World Of Warcraft Loses Millions Of Subscribers; How Few Can It Survive On?

A screenshot from the "World of Warcraft: Warlords of Draenor" expansion pack.
A screenshot from the "World of Warcraft: Warlords of Draenor" expansion pack. Blizzard

World of Warcraft subscriber numbers just keep on dropping, and I’ve gotten to wondering: How low can the game go? How long can Blizzard keep hemorrhaging millions of subscribers before the game hits a breaking point and either has to go free-to-play or down under all together? Mind you, this is totally rhetorical for now: There is such a point, but it’s around 5 million subscribers from here. Blizzard currently has 5.6 million subscribers for World of Warcraft.

World Of Warcraft Subscribers: How Few Can It Live On?

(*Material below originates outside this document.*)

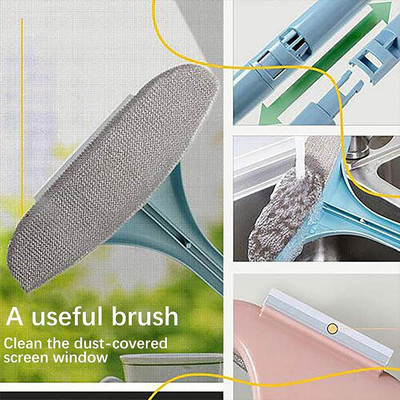 Twok Window Cleaning Wiper Extended Handle Double Sided Mesh Cleaner Brush(100 ml)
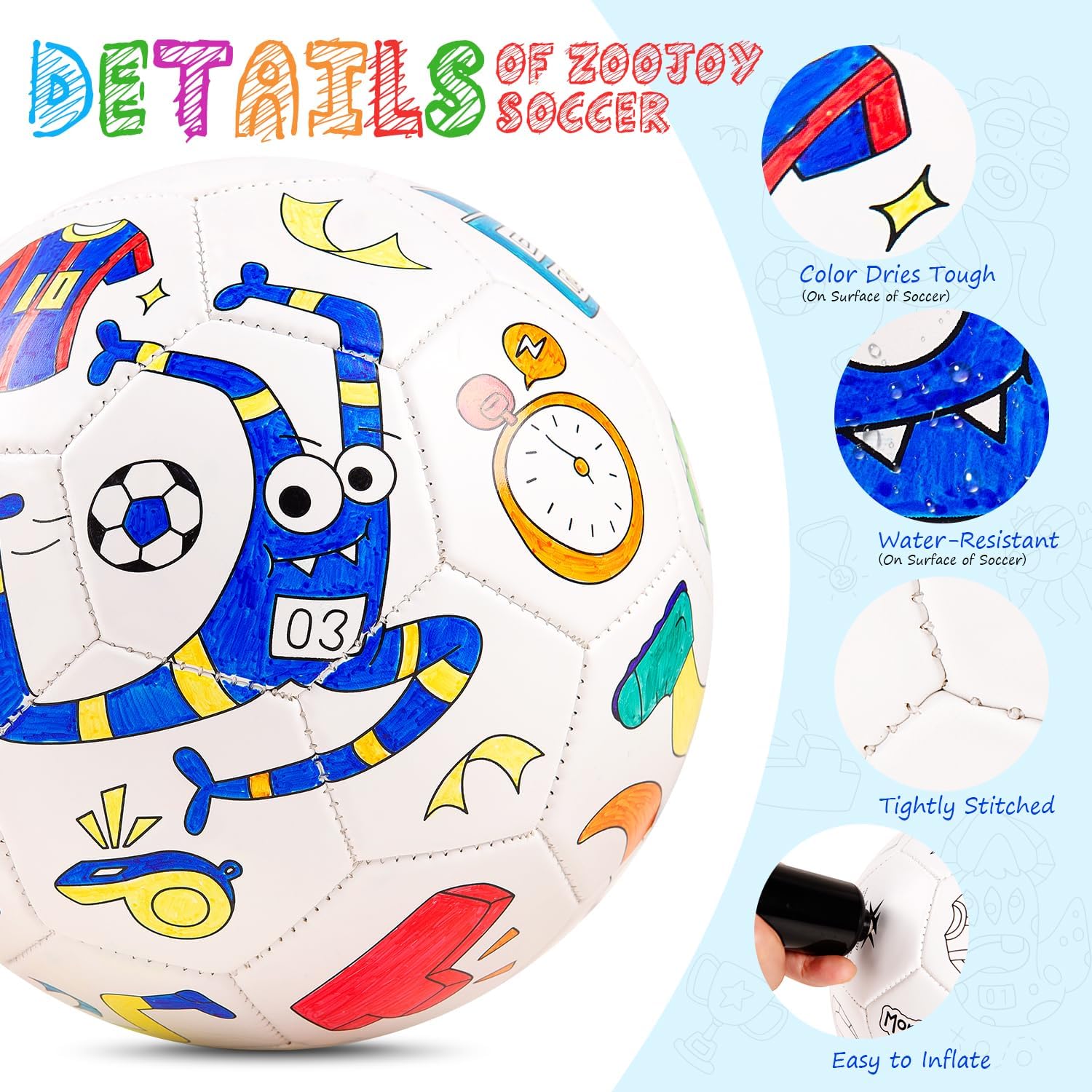 BALÓN DE FÚTBOL ZOOJOY COLOR YOUR OWN BLANCO MONSTRUO TALLA 3 - 3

World of Warcraft has lost 44 percent of its subscribers since the beginning of 2015. For the mathematically challenged, that’s almost half. According to Fortune, those 5.6 million subscribers represent the smallest subscriber base for the MMO since 2006. And that’s not surprising: The game has been on a long, slow decline for years, and that’s finally reflecting in the subscriber base.

World of Warcraft is more than ten years old, and it shows. Can you really imagine new players getting into WoW now? High-schoolers, middle-schoolers? No, I don’t think so: It’s an aging game with a player base firmly in the millennial territory. The millions playing now are mostly the same millions who were playing five years ago… minus a few million who got bored of it, ran out of free time, or simply moved on to other interests (Notice I’m not saying they “grew out of it,” since games aren’t really age-based anymore. But people change and move on).

There’s no way World of Warcraft can ever return to sustained growth. Sure, its subscriber base will leap by a few million whenever a new expansion comes out. Sure, if it ever goes free-to-play, tons and tons of people will give it a try or come back—although, of course, you can play parts of the game for free now anyway. The number of subscribers will continue to decrease.

But the truth is, World of Warcraft isn’t in any imminent trouble. It’s the largest traditional MMO by a huge margin. When The Old Republic launched, Bioware crowed about hitting one million subscribers so quickly… and the game didn’t stay above that number for long. Elder Scrolls Online had around 1.2 million before going free-to-play. So WoW still has dramatically more subscribers than its competitors, and it’s hugely profitable—although not as lucrative as League of Legends or some of its ilk.

Soon enough, Blizzard’s other games—Hearthstone, but mostly Heroes of the Storm—will surpass World of Warcraft on the balance sheet, and maybe on the priority list. But WoW is classic legacy software. It’s the Windows XP of games—you don’t just stop supporting it because much of the world has moved on. You can’t. Too many people still use it. WoW is going to be around for years, and it’ll probably, possibly, go partially free-to-play eventually. But as long as it’s got at least a million subscribers, Blizzard’s darling should be just fine.